One needs to assess whether prices are genuine having regard to all relevant facts and circumstances. The spirit of the law that regulates transfer pricing under OECD rules is therefore somewhat mimicked in our legislation. Effectively, it argues that any arrangement can be regarded as non-genuine to the extent that it is not put into place for valid commercial reasons that reflect economic reality.
In addition, it can be argued that Malta has indirectly introduced TP rules by adhering to international conventions and relevant EU directives and in particular in the following considering that Malta’s double tax treaties use the OECD Model Tax Convention. Therefore, Article 9 “Associated Enterprises” of the OECD Model Tax Convention is included in Malta’s double tax treaties.
This article provides that any transactions between associated enterprises that are not at arm’s length shall be adjusted for tax purposes in accordance with the ALP. Reading of the Commentary of OECD refers to the application of the ALP through the OECD TP Guidelines. Further, the majority of the countries following the ALP use as means of application and interpretation of ALP, the provisions of the OECD TP Guidelines. Moving on to other related rules, let us give some background on the journey that took us to adopt ATAD.
It was on 12 July 2016 that the Council of the EU unanimously adopted the Council Directive. Later, Malta transposed ATAD 2, which builds on the provisions of ATAD 1. Another important rule requires Malta to apply the arm’s length principle in cross-border transfer pricing issues. This can be found in the Associated Enterprises Article of the OECD Model Tax Convention, which Malta accepted in its double taxation treaties.
One may venture to comment on how indirectly transfer pricing rules creep in our legislation. A typical case is the right of a country that is a party to a tax treaty to adjust the taxable profits arising from transactions between related parties and binds the other country to make corresponding adjustments to avoid double taxation. Here comes the rub. Such adjustments must be made on the basis of the arm’s length principle that again refers us back to the OECD standard.
The latter regulates how transfer prices for tax purposes can be computed. As can be imagined, in similar circumstances there may arise disputes in the interpretation of how such prices are determined. In such instances, OECD rules allow for disputes to be referred to arbitration.
This follows in terms of the EU Arbitration Convention, of which Malta is a party. Another remedy is provided by the Directive on Dispute Resolution Mechanism – this was transposed to Maltese law this year. As can be expected, Malta has, so far, not been subjected to such dispute resolution since transfer pricing rules are not applicable.
For most member states, such disputes can be common and arise when exercises are carried by respective countries to ascertain the arm’s-length, that is, the true commercial price. In practice, this means that to prevent double taxation, a primary (upward) adjustment by one tax administration should be followed by a corresponding (downward) adjustment by the other.

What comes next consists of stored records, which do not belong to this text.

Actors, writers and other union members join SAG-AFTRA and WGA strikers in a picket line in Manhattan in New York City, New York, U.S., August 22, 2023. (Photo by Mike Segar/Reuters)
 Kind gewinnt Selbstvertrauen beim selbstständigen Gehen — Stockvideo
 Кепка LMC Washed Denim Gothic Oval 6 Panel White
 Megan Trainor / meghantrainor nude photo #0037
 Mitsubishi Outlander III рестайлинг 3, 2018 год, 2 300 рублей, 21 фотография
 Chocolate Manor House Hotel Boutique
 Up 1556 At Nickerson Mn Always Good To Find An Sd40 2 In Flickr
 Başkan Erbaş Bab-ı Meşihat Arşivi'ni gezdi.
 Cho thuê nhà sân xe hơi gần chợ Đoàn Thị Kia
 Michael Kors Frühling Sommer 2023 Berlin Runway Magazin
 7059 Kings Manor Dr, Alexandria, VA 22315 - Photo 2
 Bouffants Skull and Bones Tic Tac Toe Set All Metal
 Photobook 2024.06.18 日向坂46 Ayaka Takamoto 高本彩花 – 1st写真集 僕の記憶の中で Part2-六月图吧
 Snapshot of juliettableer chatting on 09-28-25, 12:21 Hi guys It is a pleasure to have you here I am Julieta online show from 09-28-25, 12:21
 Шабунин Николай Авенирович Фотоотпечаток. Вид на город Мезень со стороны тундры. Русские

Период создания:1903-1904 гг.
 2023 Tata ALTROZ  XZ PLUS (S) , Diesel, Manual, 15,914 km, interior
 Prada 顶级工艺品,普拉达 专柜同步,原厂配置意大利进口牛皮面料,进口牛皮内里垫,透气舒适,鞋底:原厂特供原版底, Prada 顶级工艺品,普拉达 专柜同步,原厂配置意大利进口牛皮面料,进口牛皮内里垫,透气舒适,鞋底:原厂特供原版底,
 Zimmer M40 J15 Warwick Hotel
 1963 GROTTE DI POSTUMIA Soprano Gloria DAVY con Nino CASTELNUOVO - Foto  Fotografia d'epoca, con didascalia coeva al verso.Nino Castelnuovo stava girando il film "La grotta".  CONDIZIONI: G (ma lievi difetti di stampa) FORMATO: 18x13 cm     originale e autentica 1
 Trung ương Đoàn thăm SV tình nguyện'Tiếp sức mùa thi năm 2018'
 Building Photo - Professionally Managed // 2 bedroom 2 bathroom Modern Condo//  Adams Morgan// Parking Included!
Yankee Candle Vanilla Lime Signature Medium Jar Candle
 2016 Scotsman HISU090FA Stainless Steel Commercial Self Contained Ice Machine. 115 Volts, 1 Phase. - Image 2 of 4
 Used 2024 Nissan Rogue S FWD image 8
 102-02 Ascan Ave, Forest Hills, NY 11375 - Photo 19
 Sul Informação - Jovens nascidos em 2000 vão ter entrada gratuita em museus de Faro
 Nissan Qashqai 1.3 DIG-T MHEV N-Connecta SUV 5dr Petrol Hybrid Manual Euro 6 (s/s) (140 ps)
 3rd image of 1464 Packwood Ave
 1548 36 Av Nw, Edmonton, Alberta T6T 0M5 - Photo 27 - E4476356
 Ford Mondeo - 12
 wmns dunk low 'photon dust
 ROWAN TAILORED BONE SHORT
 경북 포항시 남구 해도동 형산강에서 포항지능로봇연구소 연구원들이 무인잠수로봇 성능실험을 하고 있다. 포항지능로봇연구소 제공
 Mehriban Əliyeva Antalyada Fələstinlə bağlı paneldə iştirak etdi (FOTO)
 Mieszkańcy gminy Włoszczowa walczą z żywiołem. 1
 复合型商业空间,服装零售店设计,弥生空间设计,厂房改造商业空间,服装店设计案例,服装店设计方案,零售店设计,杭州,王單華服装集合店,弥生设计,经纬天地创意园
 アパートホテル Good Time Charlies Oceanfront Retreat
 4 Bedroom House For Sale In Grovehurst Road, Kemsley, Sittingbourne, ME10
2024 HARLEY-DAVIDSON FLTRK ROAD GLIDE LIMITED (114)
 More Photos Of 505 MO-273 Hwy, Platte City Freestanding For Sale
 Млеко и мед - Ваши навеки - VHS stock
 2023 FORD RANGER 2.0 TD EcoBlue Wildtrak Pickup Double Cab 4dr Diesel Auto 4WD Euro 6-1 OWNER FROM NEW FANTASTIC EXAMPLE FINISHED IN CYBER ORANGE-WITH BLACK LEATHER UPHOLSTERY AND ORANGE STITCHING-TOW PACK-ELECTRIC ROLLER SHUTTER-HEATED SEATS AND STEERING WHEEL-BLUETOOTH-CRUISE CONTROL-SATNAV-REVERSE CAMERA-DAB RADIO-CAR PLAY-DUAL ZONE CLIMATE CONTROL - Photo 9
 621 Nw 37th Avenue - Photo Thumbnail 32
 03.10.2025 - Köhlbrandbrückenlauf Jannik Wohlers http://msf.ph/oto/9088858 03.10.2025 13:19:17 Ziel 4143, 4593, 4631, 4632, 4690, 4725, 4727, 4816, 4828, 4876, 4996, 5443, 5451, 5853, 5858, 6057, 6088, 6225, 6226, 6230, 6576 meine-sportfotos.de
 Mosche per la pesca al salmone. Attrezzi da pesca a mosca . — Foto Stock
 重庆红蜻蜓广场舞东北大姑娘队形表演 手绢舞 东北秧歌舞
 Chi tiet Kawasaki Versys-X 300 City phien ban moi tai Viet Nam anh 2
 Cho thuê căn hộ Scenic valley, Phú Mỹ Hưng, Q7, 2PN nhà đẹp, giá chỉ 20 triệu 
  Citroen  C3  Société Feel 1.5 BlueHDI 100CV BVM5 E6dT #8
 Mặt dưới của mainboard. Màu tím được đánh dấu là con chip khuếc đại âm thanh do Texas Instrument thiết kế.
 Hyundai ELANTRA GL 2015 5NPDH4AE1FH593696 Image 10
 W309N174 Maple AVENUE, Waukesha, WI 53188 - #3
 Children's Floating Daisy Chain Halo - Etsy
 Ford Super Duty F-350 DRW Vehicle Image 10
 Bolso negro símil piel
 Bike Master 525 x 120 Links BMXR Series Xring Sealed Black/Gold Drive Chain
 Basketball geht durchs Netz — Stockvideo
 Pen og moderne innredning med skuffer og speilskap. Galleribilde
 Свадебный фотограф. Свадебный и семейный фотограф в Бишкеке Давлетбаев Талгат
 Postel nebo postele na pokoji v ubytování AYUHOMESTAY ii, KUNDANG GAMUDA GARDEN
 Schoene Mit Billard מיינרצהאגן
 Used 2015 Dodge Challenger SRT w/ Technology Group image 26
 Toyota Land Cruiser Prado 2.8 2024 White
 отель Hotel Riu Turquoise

Needless to say, no administration takes lightly to a reduction of its tax base. This said it is clear that in the field of transfer pricing, a sincere form of collaboration is paramount. Therefore, it would be expedient to recognise that it is in everyone’s interest to avoid double taxation and double non-taxation hence the reason to invoke the arm’s length principle. To assist in reaching consensus, OECD highly recommends for parties agree to a joint audit. The findings of such an audit should be incorporated in a concluding report.
To the extent possible, tax administrations should endeavour to arrive at a common interpretation of how the arm’s length principle applies to the findings of a specific audit based on a scientific analysis of all the facts and circumstances. Such an agreed outcome would give an undertaking that the audit does not result in double taxation. Only thus, can tax authorities reach a common understanding of how a true and fair arm’s length exercise works?
In conclusion, one may relax that the full burden of transfer pricing rules is not yet activated in Malta. How such rules will affect Malta and its financial sector in the future is too early to assess. What is important is that practitioners avoid taking a head in the sand attitude. There is nothing to halt the introduction of an all-embracing transfer pricing rule which will be applicable to local companies as duly recommended by OECD.